Empress Xing (1106 – 1139), personal name Xing Shi, was a Chinese empress of the Song dynasty, married to Emperor Gaozong of Song.

Xing was from Bianjing, and was selected to be the primary consort of Gaozong, then a Prince. Their marriage was conducted in 1115, when she was eight years old.

In 1126, Emperor Huizong abdicated in favor of his son, Emperor Qinzong, the elder brother of Gaozong. In 1127, the capital of Kaifeng was captured by the Jurchen during the Jin–Song Wars. The Emperor Qinzong was deposed, and him, as well as his predecessor Emperor Huizong and most of the Imperial family and court, over 3000 people, was captured and exiled to Manchuria in what was called the Jingkang Incident. They were first taken to the Jurchen capital, many of them dying on the way. The Imperial consorts, concubines, palace women and eunuchs who were taken captured, were distributed among the Jurchen as slaves.
Consort Xing was among those captured and taken away. Nothing more is known of her except that she was coveted by her captors, that she attempted suicide to escape abuses but was unsuccessful, and that she died in captivity in 1139.

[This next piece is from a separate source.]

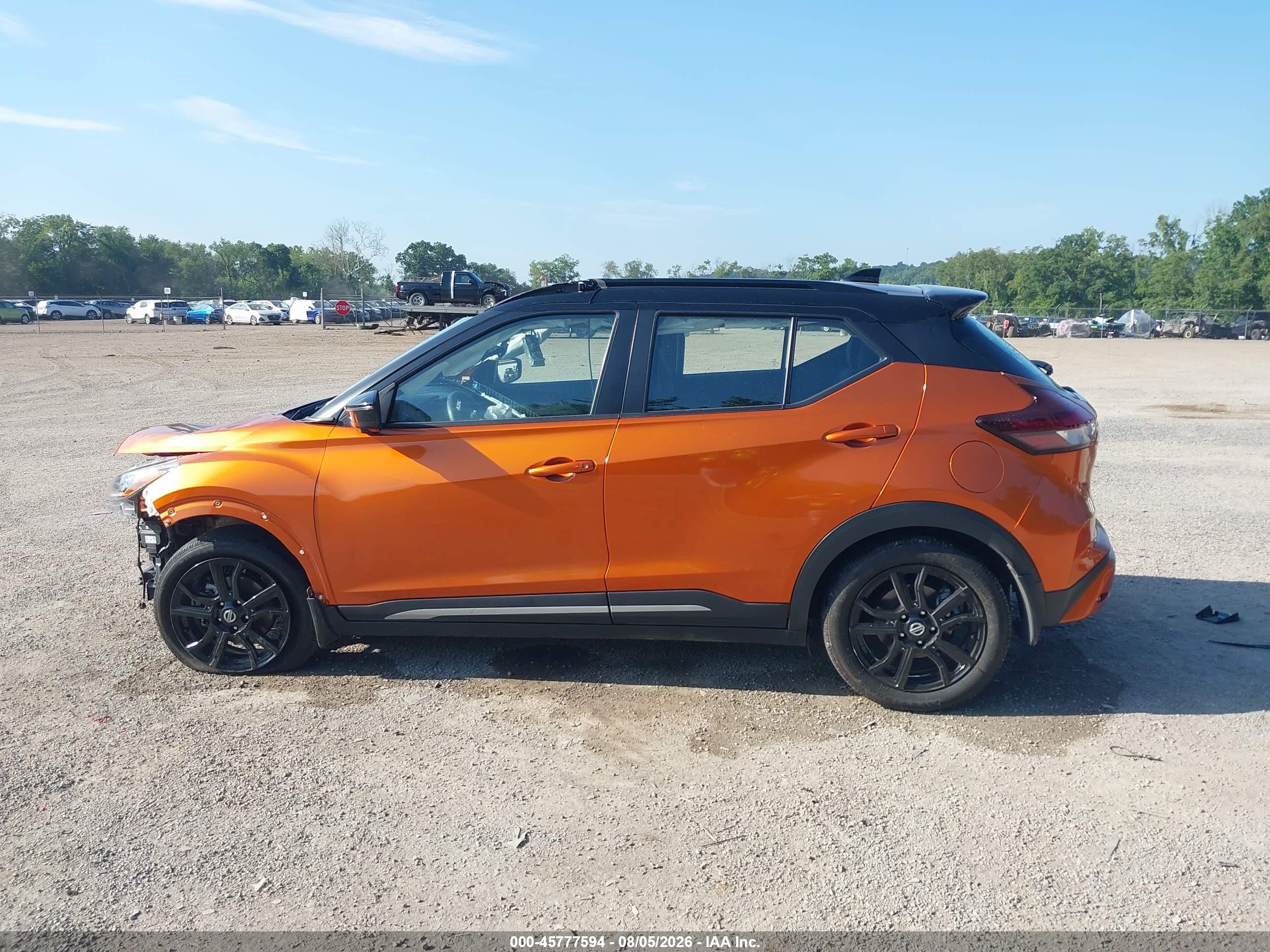 2021 NISSAN KICKS SR XTRONIC CVT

Gaozong himself avoided capture because he was absent from the capital when it fell. Gaozong then organized the resistance against further Jurchen invasion, declaring himself Emperor in late 1127 and establishing the Southern Song dynasty. Knowing his primary consort Xing was still alive in captivity, he declared her to be Empress in absentia.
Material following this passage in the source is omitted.